The copy should run from the line containing "ジップアップニットベスト" through the last line of the entries below, exactly as written, with pictures omitted.

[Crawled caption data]
============================================================

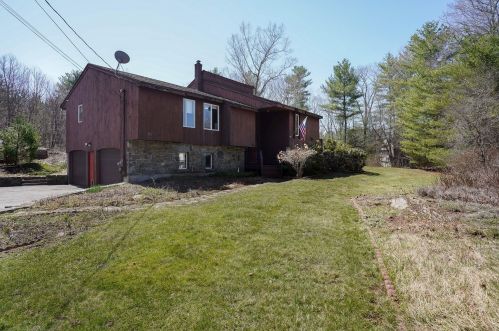 54 Hooker Farm Rd, Salem, NH 03079 exterior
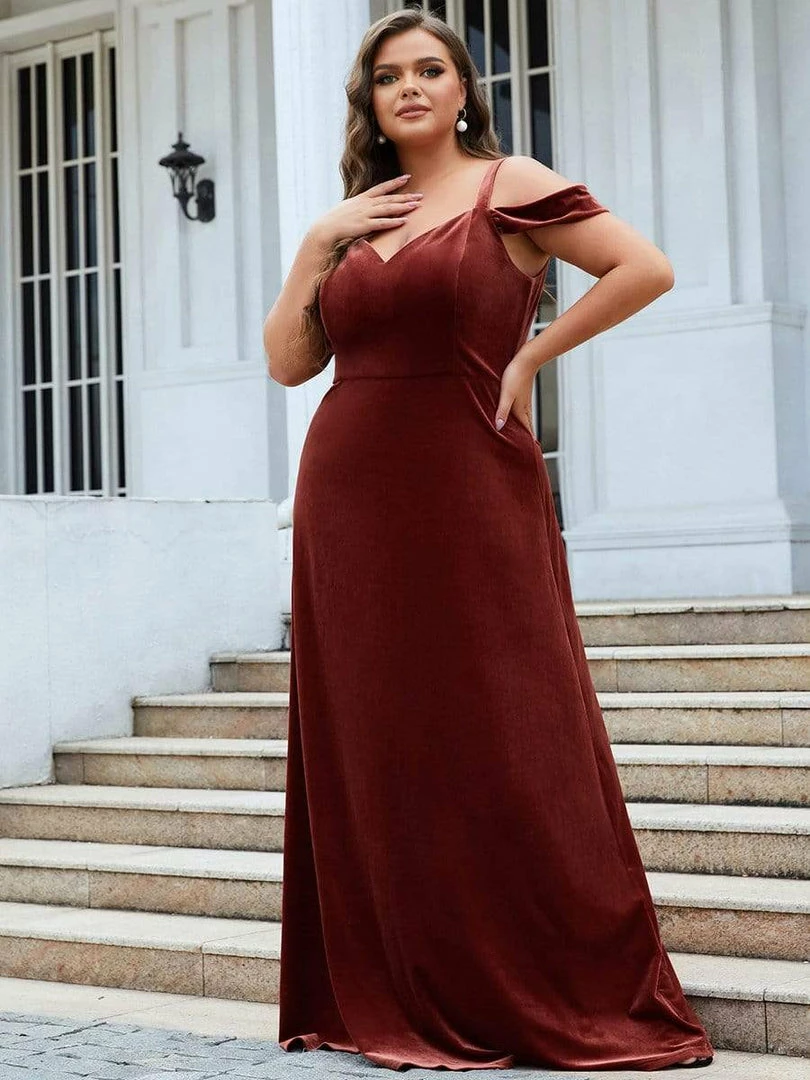 Ever-Pretty US SHOP BY OCCASION Plus Size Velvet Cold-Shoulder Sweetheart Column Bridesmaid Dress 1 Ever-Pretty US SHOP BY OCCASION Plus Size Velvet Cold-Shoulder Sweetheart Column Bridesmaid Dress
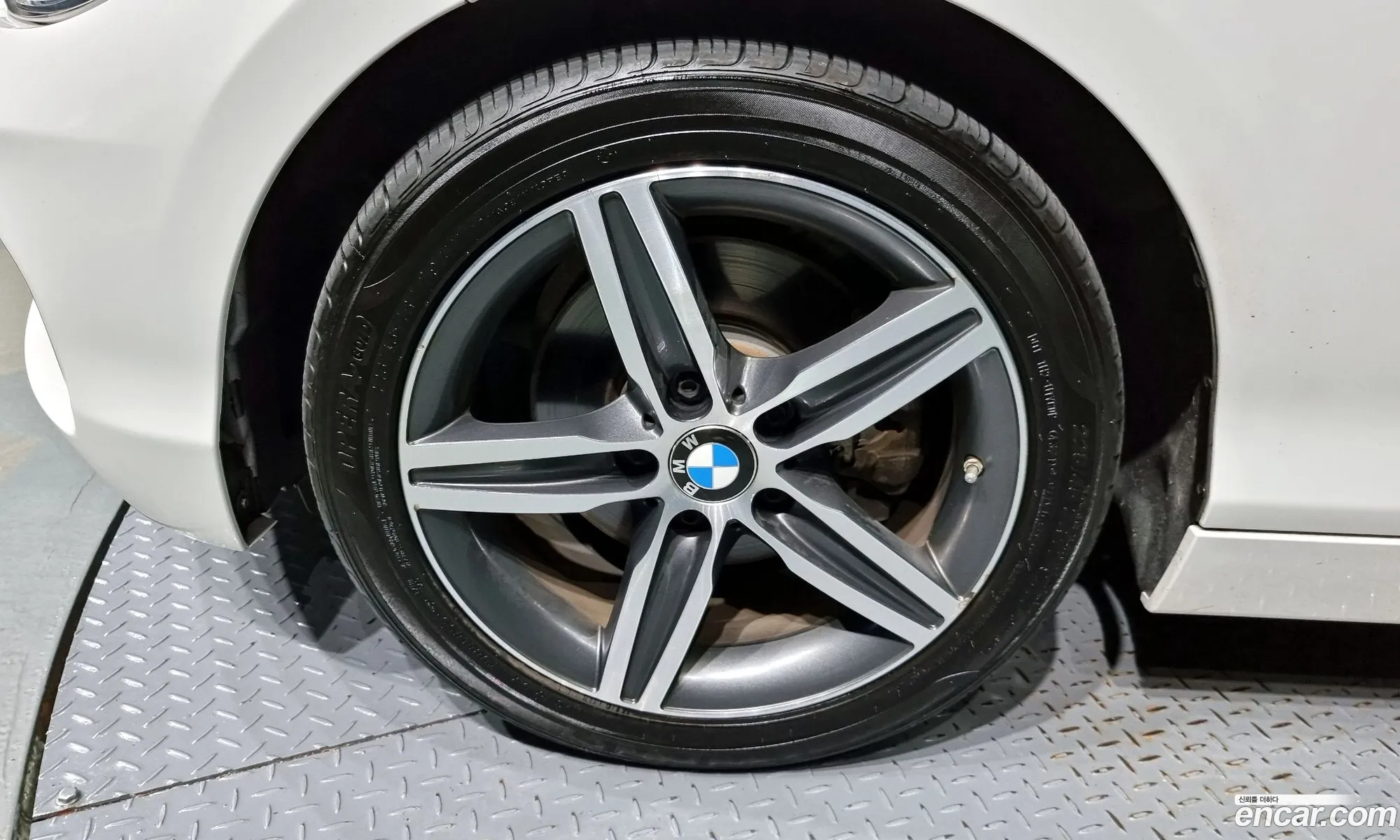 BMW 1 Series F20 118D Sports 5-Door - фотография 8150007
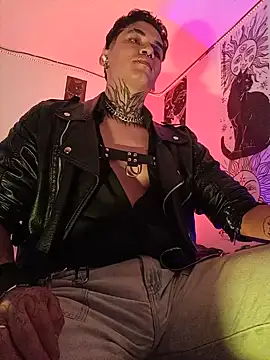 XXX chat uživo modela AlecBanne_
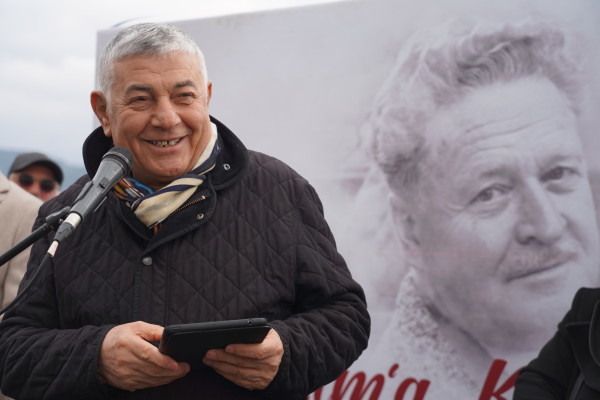 ŞÜKRÜ GENÇ 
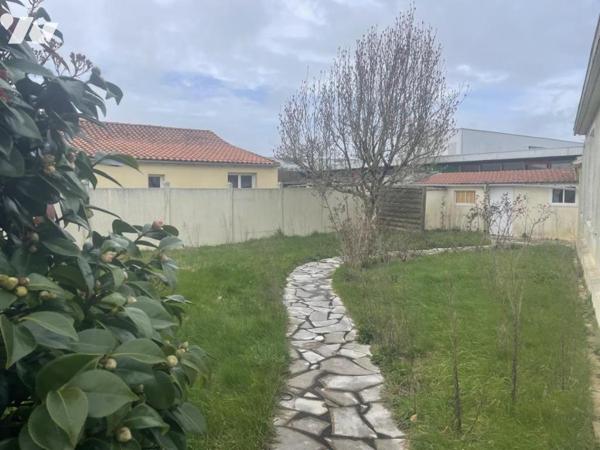 PAIMBOEURF - MAISON 4 Pièces + dépendances + garage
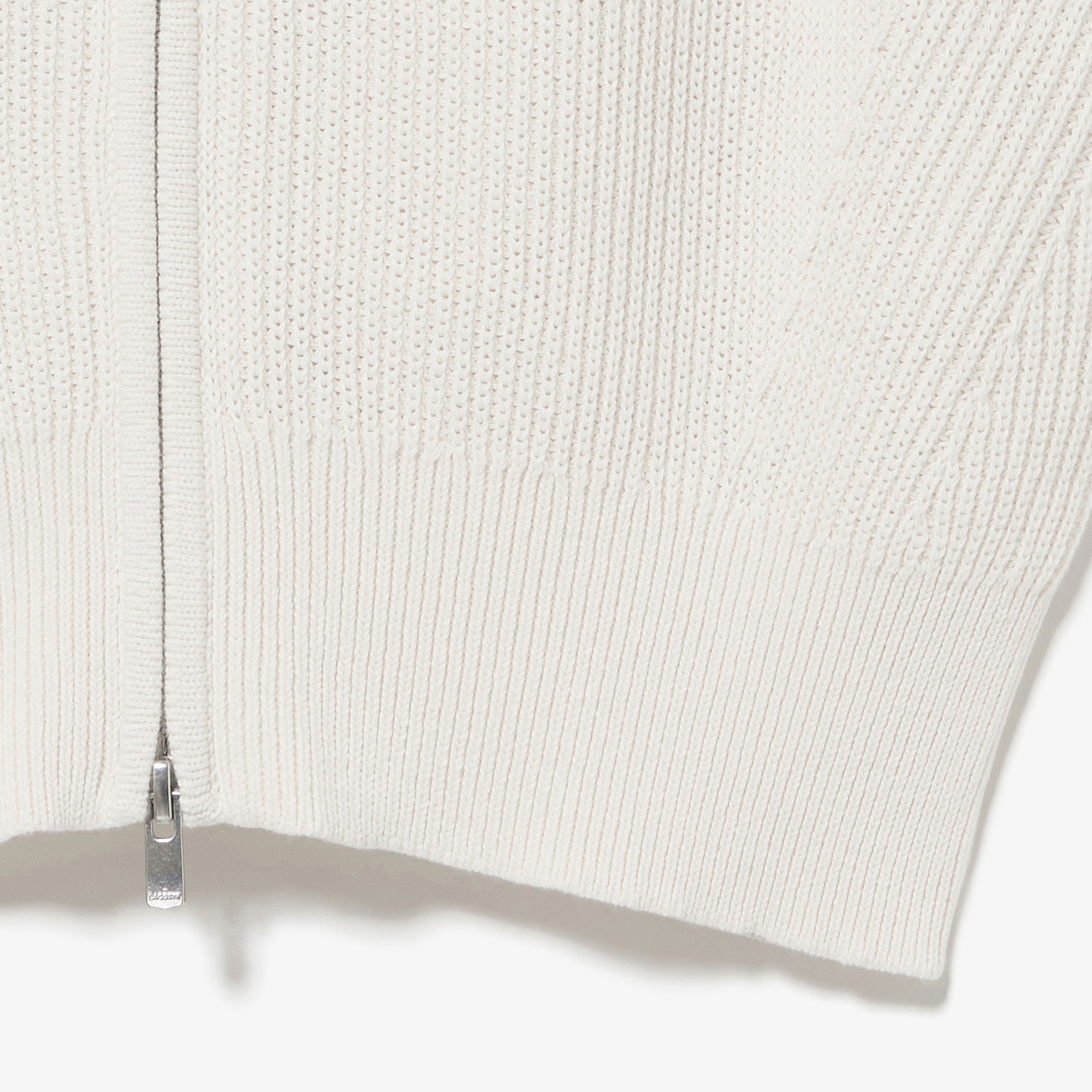 ジップアップニットベスト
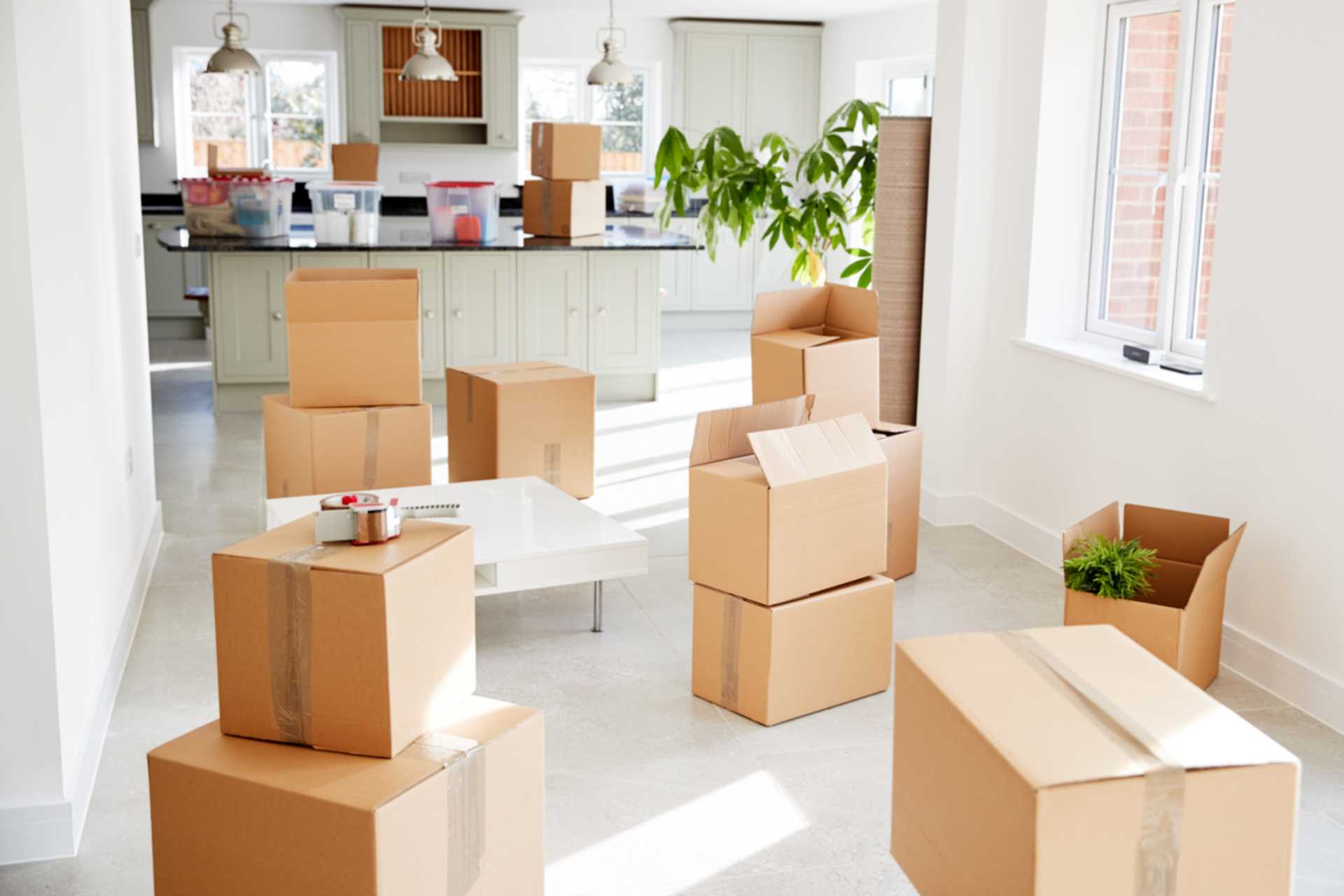 Ten tips on how to move home, Stress free!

============================================================

SOLUTION TO THIS TASK:
 ジップアップニットベスト
 Ten tips on how to move home, Stress free!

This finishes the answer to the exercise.